1001indonesia.net – Umumnya, garam dipanen dari laut. Namun, hal tersebut tidak berlaku di Krayan, kota kecamatan di Kabupaten Nunukan, Kalimantan Utara. Di wilayah dengan ketinggian 900 meter di atas permukaan laut dan jauh dari pantai itu, produksi garam justru melimpah. Kekhasan garam gunung Krayan ini bahkan terkenal hingga negara tetangga.
Sejak puluhan tahun, masyarakat yang tinggal di sini mengolah air asin yang berasal dari dua sumur di dekat sungai kecil menjadi butiran garam. Sebenarnya ada 33 mata air garam di sana. Namun, baru dua sumur yang diolah oleh masyarakat di Desa Long Midang dan sekitarnya menjadi garam gunung atau tucu dalam bahasa lokal.
Ada kisah turun-menurun di kalangan suku Dayak Lundayeh yang mendiami Krayan berkaitan sumur garam gunung itu. Konon, sumur itu adalah lubang tempat seekor burung terjatuh setelah terkena sumpit dari nenek moyang salah satu subsuku Dayak tersebut.
Burung itu lantas diambil dan dibakar untuk dimakan. Namun, saat disantap, daging hewan tersebut berasa asin, padahal tidak pernah dibumbui dengan garam. Keesokan harinya, warga kembali ke lokasi tersebut. Mereka kemudian mengetahui bahwa air dalam lubang itu berasa asin. Anehnya, sungai yang hanya berjarak sekitar 2–3 meter dari sumur tersebut, airnya tidak asin sama sekali.
Dikelola secara komunal
Tak ada kepemilikan pribadi terhadap alat produksi pengelolaan garam. Pengolahan garam gunung Krayan diatur secara komunal oleh seluruh penduduk desa khususnya warga suku Lundayeh.
Masyarakat Krayan secara berkelompok dan bergiliran mengolah garam, mengikuti alur kerja yang sudah puluhan tahun menjadi kebiasaan. Tiap keluarga mendapat jatah dua pekan dalam setahun untuk memproduksi garam.
Jika tempat tinggal mereka jauh dari lokasi produksi, mereka akan tinggal di sana selama proses produksi. Kaum perempuan memiliki peranan penting dalam proses produksi ini. Mereka bisa memproduksi antara 15-20 kg per hari, tergantung pada kayu yang digunakan untuk pembakaran.

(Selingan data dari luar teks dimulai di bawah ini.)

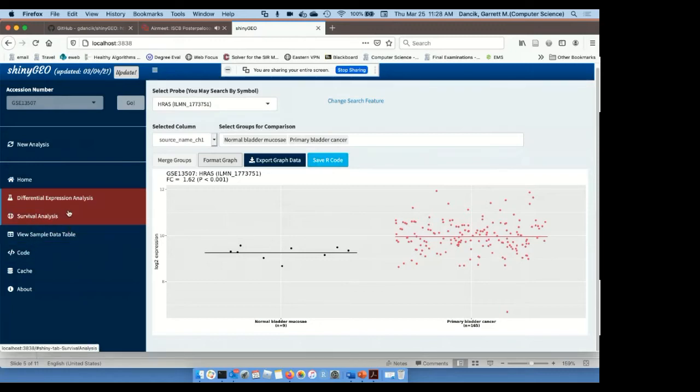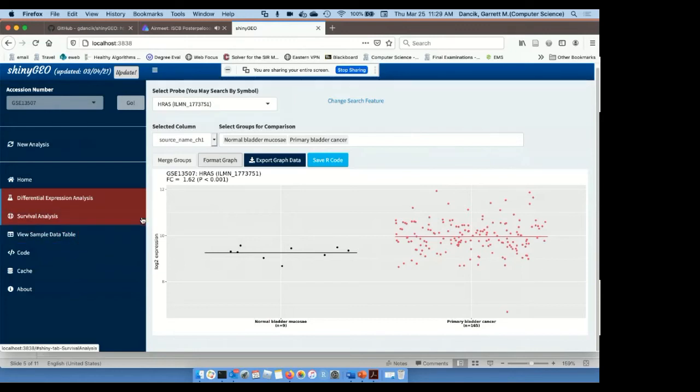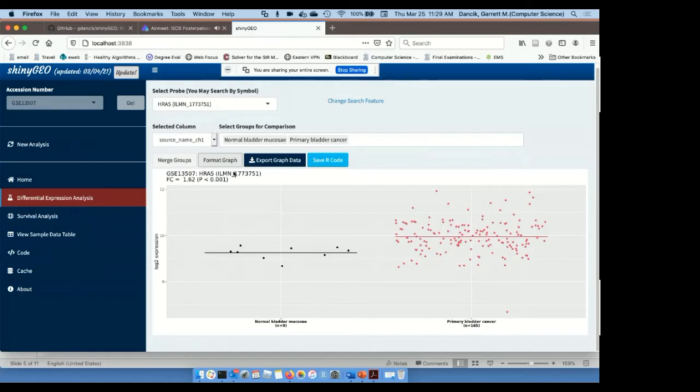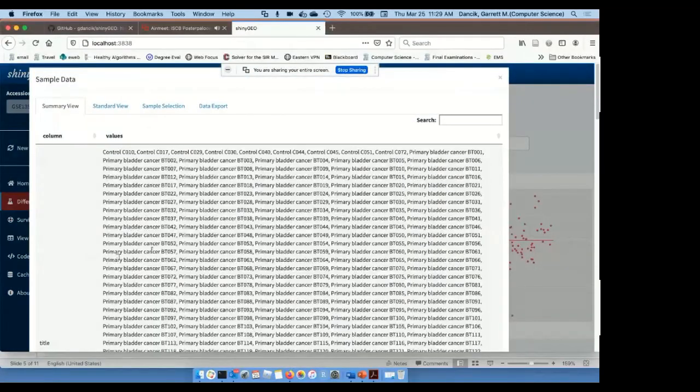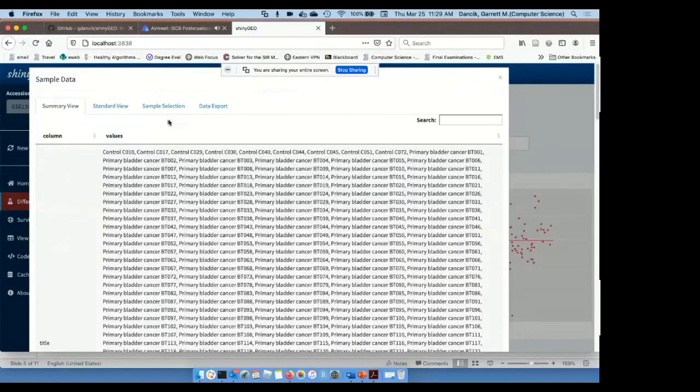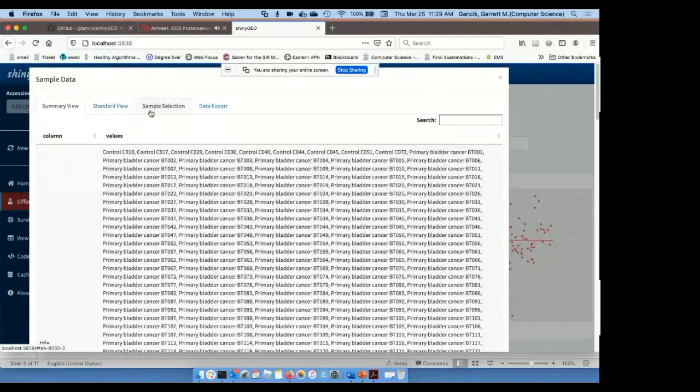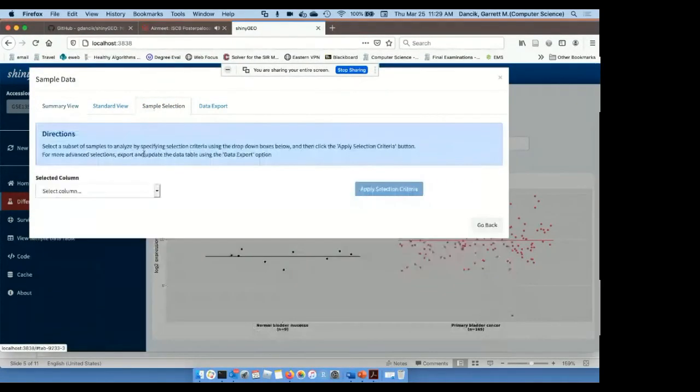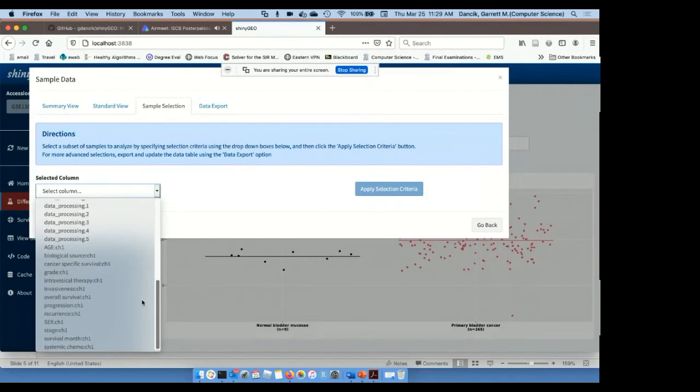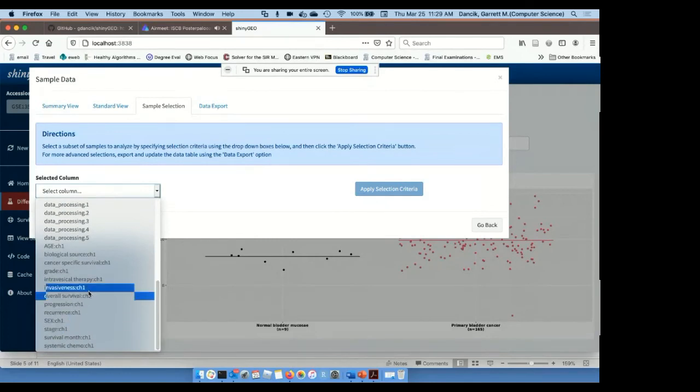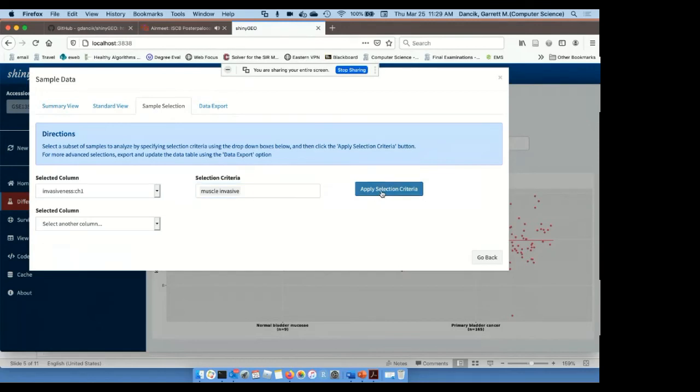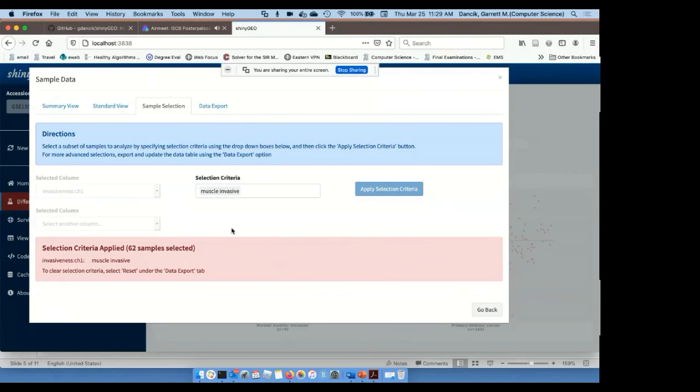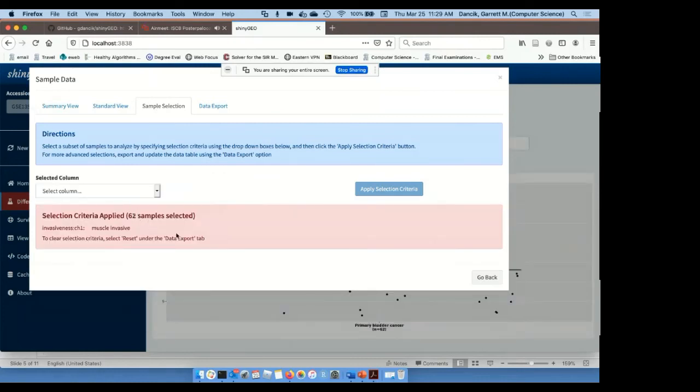I'm next going to do a survival analysis. But before I do that, what I'm going to want to do is look at just the patients with muscle invasive tumors. So my research question is whether HRAS is predictive of survival in bladder cancer patients with muscle invasive tumors. And so I want to do a patient selection or sample selection, which is straightforward to do. So I click sample selection, I select the column containing the information that I want to select on, and that's this invasiveness column. And I'm going to select muscle invasive. When I apply the selection criteria, that's going to keep just those patients that have muscle invasive tumors. And so now down to 62 samples.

Dengan sistem pembagian ini, kalau dihitung, giliran satu keluarga hanya satu kali. Namun, tak pernah ada masalah. Sebuah tradisi yang dibarengi kearifan lokal untuk merawat sumber daya alam dan mencegah keserakahan.

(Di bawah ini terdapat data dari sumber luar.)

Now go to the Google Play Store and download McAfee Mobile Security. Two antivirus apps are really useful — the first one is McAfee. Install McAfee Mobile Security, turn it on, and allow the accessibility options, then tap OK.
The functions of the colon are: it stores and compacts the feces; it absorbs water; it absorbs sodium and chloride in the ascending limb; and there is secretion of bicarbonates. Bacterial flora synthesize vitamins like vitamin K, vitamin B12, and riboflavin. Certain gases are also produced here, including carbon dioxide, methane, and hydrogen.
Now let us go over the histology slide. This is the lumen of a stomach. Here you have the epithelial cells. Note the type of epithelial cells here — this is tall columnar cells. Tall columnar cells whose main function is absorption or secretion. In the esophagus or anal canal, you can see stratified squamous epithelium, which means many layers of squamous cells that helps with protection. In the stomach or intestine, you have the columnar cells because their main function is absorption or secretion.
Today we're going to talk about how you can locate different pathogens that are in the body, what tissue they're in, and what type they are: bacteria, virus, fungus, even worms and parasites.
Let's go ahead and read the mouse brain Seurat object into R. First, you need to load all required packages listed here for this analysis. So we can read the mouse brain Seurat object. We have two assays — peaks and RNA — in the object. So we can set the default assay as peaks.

Metode pengolahan garam gunung di Krayan sepenuhnya menggunakan metode tradisional dan dikembangkan secara lokal. Dimulai dari menimba air dari dua sumur, memindahkannya dalam tiga wajan yang dipanasi dengan kayu gelondongan untuk mendapatkan api yang besar dan stabil. Air di wajan yang mengering akan berubah menjadi butiran kristal garam yang segera dikumpulkan dan dijemur di halaman rumah garam.
Garam yang sudah kering dikemas dalam plastik berisi 1 kilogram dan sebagian kecil lainnya dimasukkan dalam tabung bambu dan dibakar hingga kering dan dibungkus daun lontar untuk mendapatkan selisih harga yang lebih tinggi.
Selain dikonsumsi warga Krayan, garam gunung produksi daerah ini juga dijual sampai Malaysia dan Brunei. Rasa asin garam gunung Krayan sebenarnya tak beda dengan garam laut. Namun, garam gunung Krayan memiliki kualitas yang lebih baik dari garam laut karena memiliki kadar yodium yang tinggi sehingga berkhasiat mencegah penyakit gondok.
Selain itu, saat memasak sayuran hijau, garam gunung membuat warna hijau pada daun tetap tampak. Ini berbeda dengan garam biasa yang membuat sayur menjadi layu.
Yang pasti, kekhasannyalah yang membuat garam ini mudah di terima di pasar negara tetangga. Di Sabah-Serawak dan Brunei, garam gunung Krayan menjadi bumbu makanan favorit.